:: Problem details ::
Print, with no pictures, the exact lines that run from the one containing "二和向台の居抜き店舗の内装" through the last line of the material below, both ends included.

————

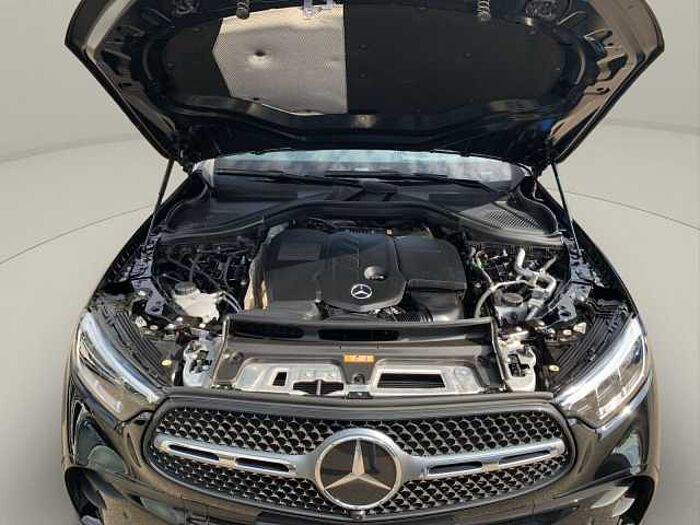Mercedes-Benz GLC 300 d 4Matic Leder schwarz/braun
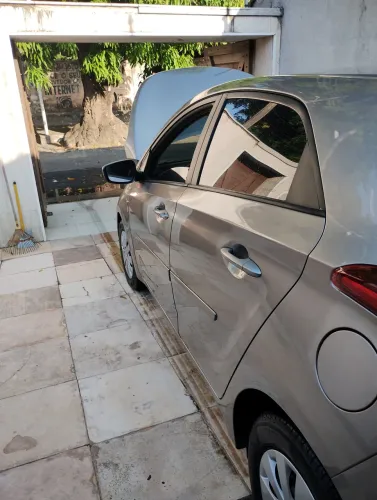 Hyundai HB20 Unique 1.0 Flex 12V Mec. 2019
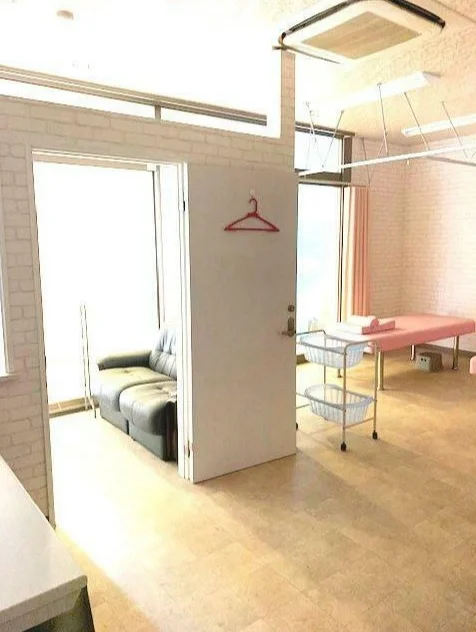 二和向台の居抜き店舗の内装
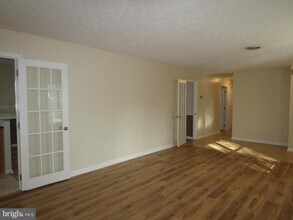 29181 Pin Oak Way in Easton, MD - Building Photo - Building Photo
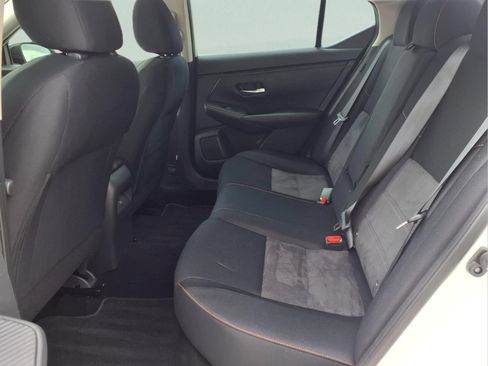 Used 2021 Nissan Sentra SR FWD image 11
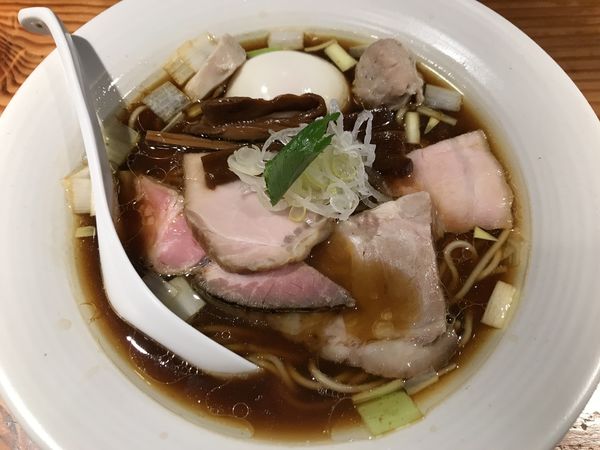 「特製醤油そば」@麺処 篠はらの写真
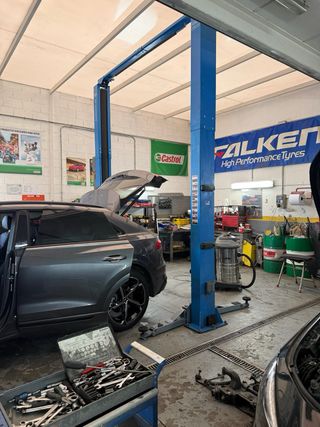 Transpaso Taller y compraventa de vehiculos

————

:: Output for this exercise ::
 二和向台の居抜き店舗の内装
 29181 Pin Oak Way in Easton, MD - Building Photo - Building Photo
 Used 2021 Nissan Sentra SR FWD image 11
 「特製醤油そば」@麺処 篠はらの写真
 Transpaso Taller y compraventa de vehiculos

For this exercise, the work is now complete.